OrbitFlow utilizes an Integer Linear Programming (ILP)-based solver to optimize Key-Value (KV) cache placement between GPU and Host memory. This solver dynamically assigns each KV entry to either GPU or Host memory based on predicted access patterns and resource constraints. The ILP formulation considers factors such as memory bandwidth, transfer costs, and computational requirements to minimize latency and maximize throughput. By strategically locating frequently accessed KV entries on the GPU and less frequently accessed entries in Host memory, OrbitFlow achieves a balance between fast access and efficient resource utilization, thereby improving overall LLM serving performance.

Token Deposit and the Pause-Resume Mechanism are employed by OrbitFlow to optimize request scheduling and maintain service stability under high load. Token Deposit pre-allocates necessary KV cache tokens, reducing contention during request processing and minimizing delays associated with dynamic allocation. The Pause-Resume Mechanism allows the system to temporarily pause accepting new requests when approaching resource limits, preventing performance degradation for existing requests. Once resources become available, the system resumes accepting requests, ensuring a controlled and predictable service level even during peak demand.
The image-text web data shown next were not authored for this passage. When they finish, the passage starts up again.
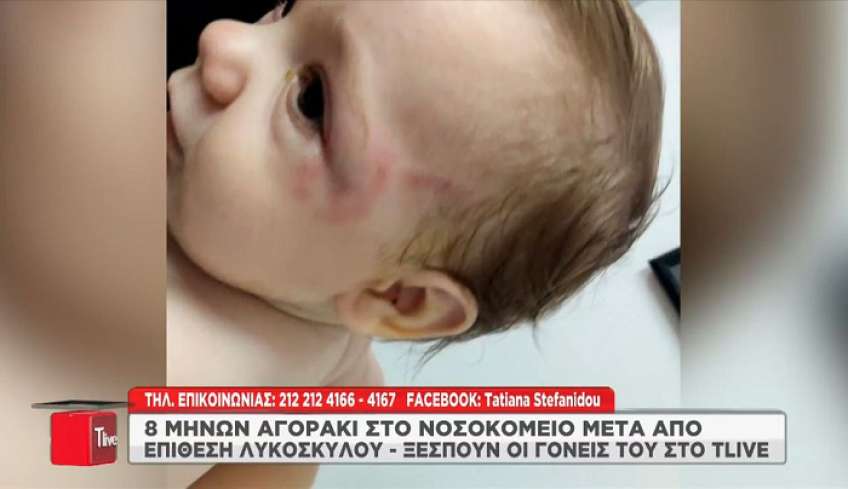 Κρήτη: «Γροθιά στο στομάχι» οι εικόνες του βρέφους το οποίο δάγκωσε ο σκύλος - Συγκλονίζει ο πατέρας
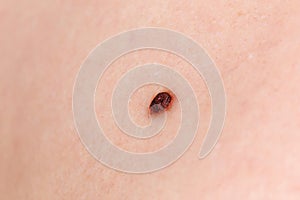 Precancerous mole - birthmark is potentially cancerous melanoma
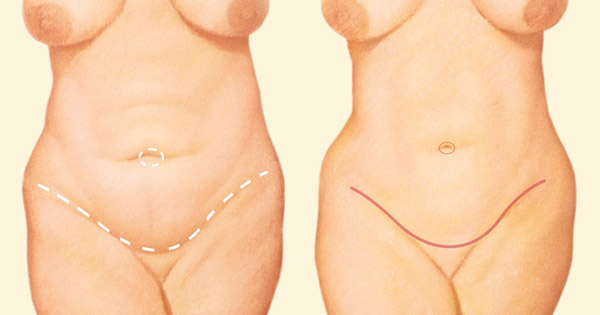 tummy tuck incision lines diagram
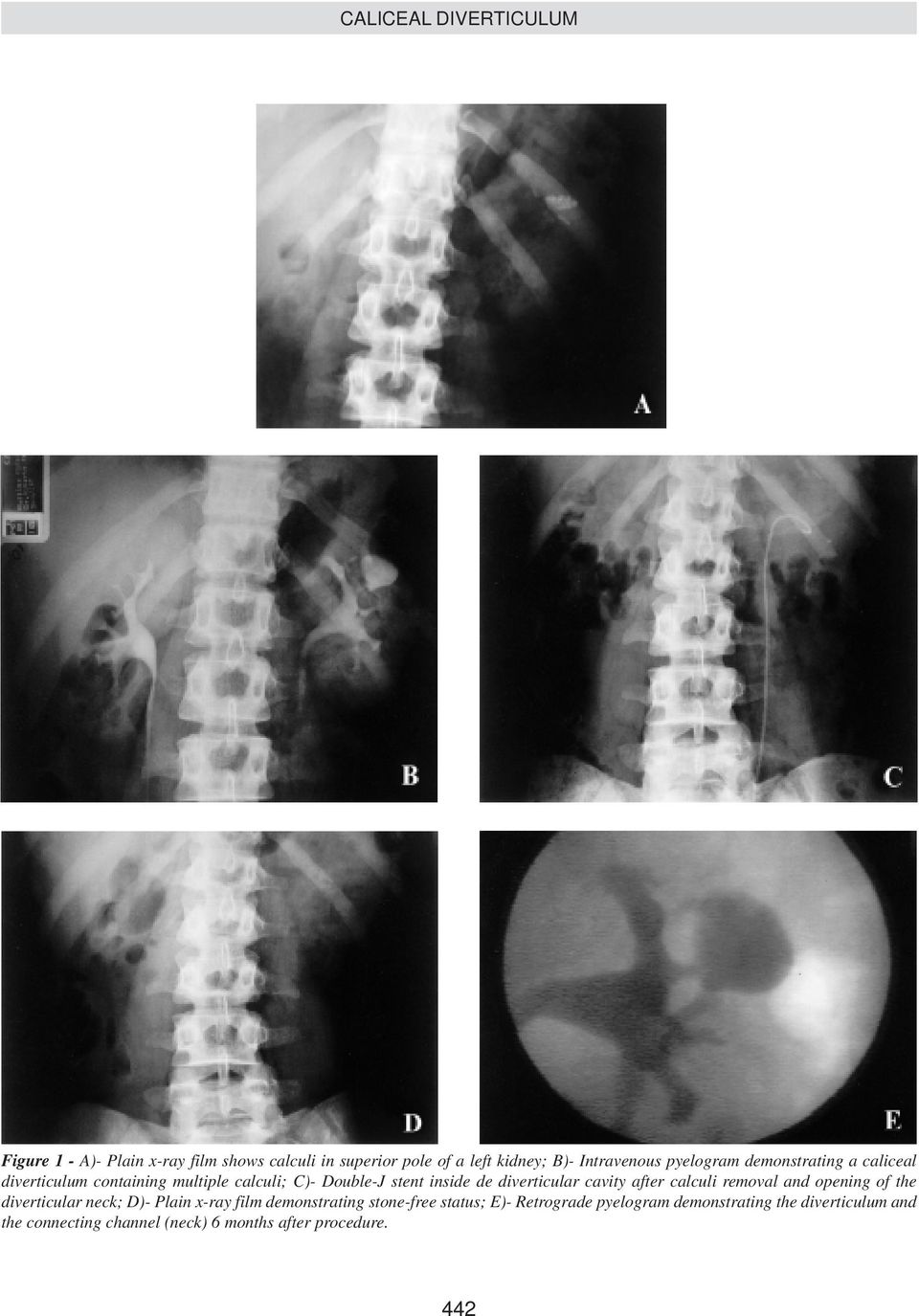 cavity after calculi removal and opening of the diverticular neck; D)- Plain x-ray film demonstrating stone-free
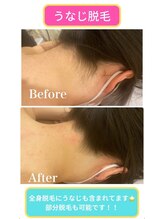 モット 神戸店(Motto)/全身脱毛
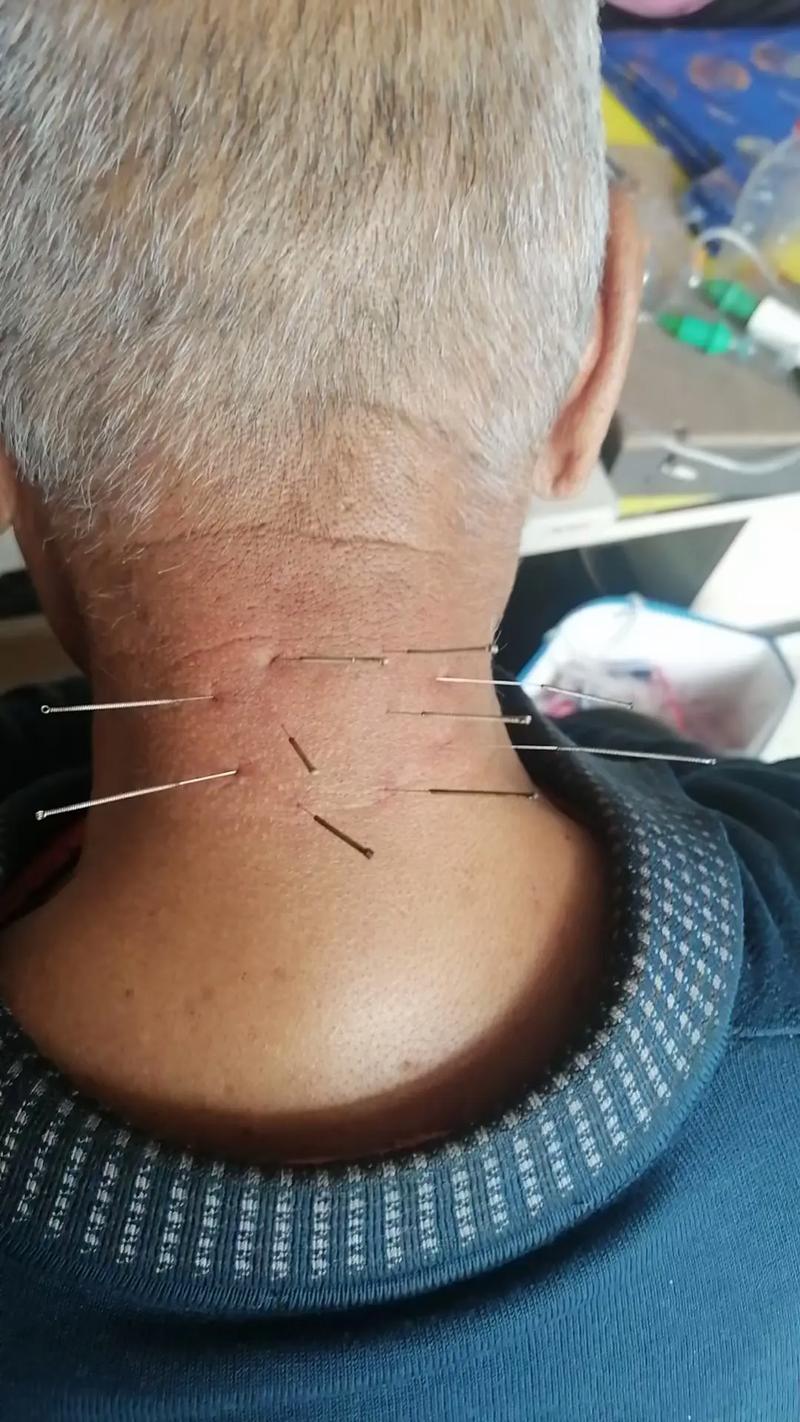 针灸可以治疗颈椎吗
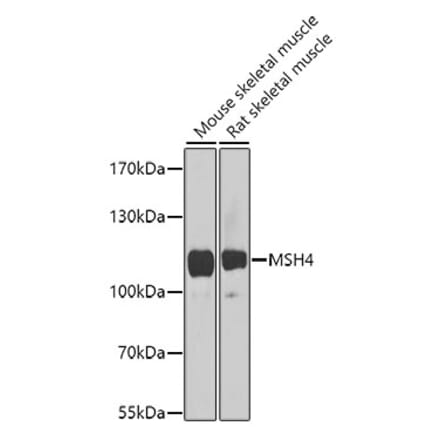 Western Blot - Anti-MSH4 Antibody (A17246) - Antibodies.com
This combination proactively manages resource allocation and request intake, preventing overload conditions and maintaining consistent performance.

Performance evaluations demonstrate that OrbitFlow achieves substantial improvements in Service Level Objective (SLO) attainment for long-context Large Language Model (LLM) serving. Specifically, OrbitFlow has shown up to a 66% improvement in Time to First Token (TPOT) SLO attainment, indicating faster initial response times. Furthermore, the system achieves up to a 48% improvement in Total Batch Throughput (TBT) SLO attainment, signifying a considerable increase in the number of requests processed within a given timeframe. These gains were realized through dynamic KV cache management and optimized request scheduling, representing a significant advancement in the efficiency and scalability of LLM serving infrastructure.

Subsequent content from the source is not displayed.